A pair of white storks are set to become the first to breed in the wild in Britain since the 15th century.

Nesting on an ancient oak tree on the 1,400-hectare rewilded Knepp estate in Sussex, the long-legged birds are sitting on three eggs which are due to hatch in June.

While white storks sometimes fly over the UK, the last chick to hatch on British soil is believed to have been born on Edinburgh's St Giles’ Cathedral in 1416.

Their return is part of an ambitious reintroduction programme to establish a stable wild population of storks by 2030.

Mary Davies, a species recovery officer with the Royal Society for the Protection of Birds (RSPB), told The Independent: “This news is great to hear and we’ll be watching with interest to see how the reintroduction develops."

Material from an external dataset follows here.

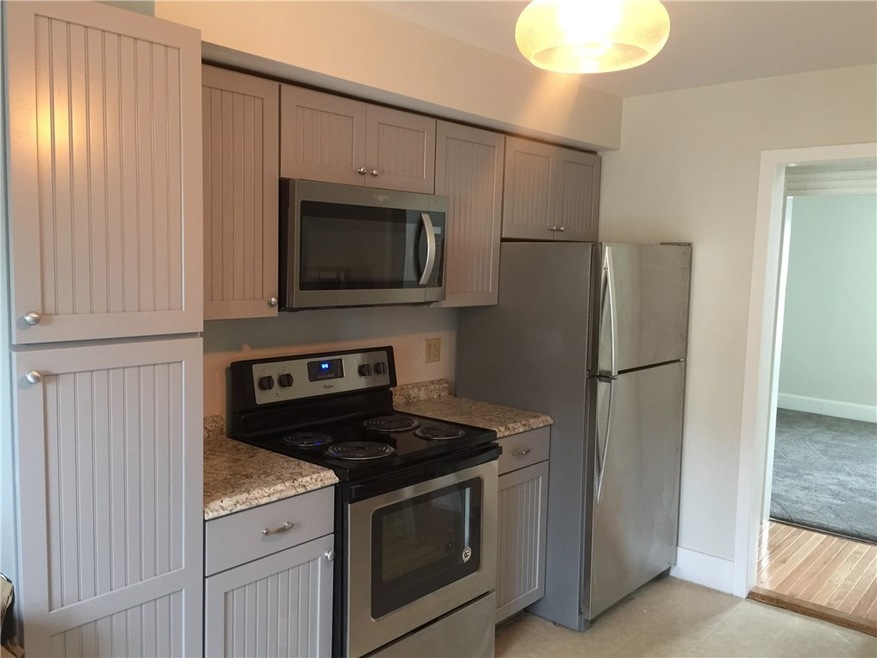 22 Rhode Island Ave unit 3, Newport, RI 02840 - photo 1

Author Isabella Tree, who owns the Knepp estate said that the parents-to-be were juveniles and their future was still uncertain.

“We watched them poking around with twigs and fighting over where to put a twig and we thought they were never going to build a nest, but it just grew like magic”, she told The Guardian. “Who knows if they will fledge chicks successfully but it’s lovely to see them back flying free.”

The reintroduction has been led by Cotswold Wildlife Park and Durrell Wildlife Conservation Trust.

The birds were brought over to Knepp from Warsaw Zoo and have been living in a six-acre predator-proof enclosure.

After the Second World War stork numbers dropped across Europe as farmers drained the marshy grasslands where the birds lived, and sprayed pesticides to poison the insects they ate.

However, in the past few decades the birds have already been successfully reintroduced in a number of European countries including France, Sweden, the Netherlands and Switzerland.

Stories of storks finding abandoned babies in caves and marshes and taking them to households all over the world have long been popularised in fables such as those of Hans Christian Andersen.

Traditionally they like nesting in old trees and rocks although now they also choose to make nests on roof-tops or tall chimneys.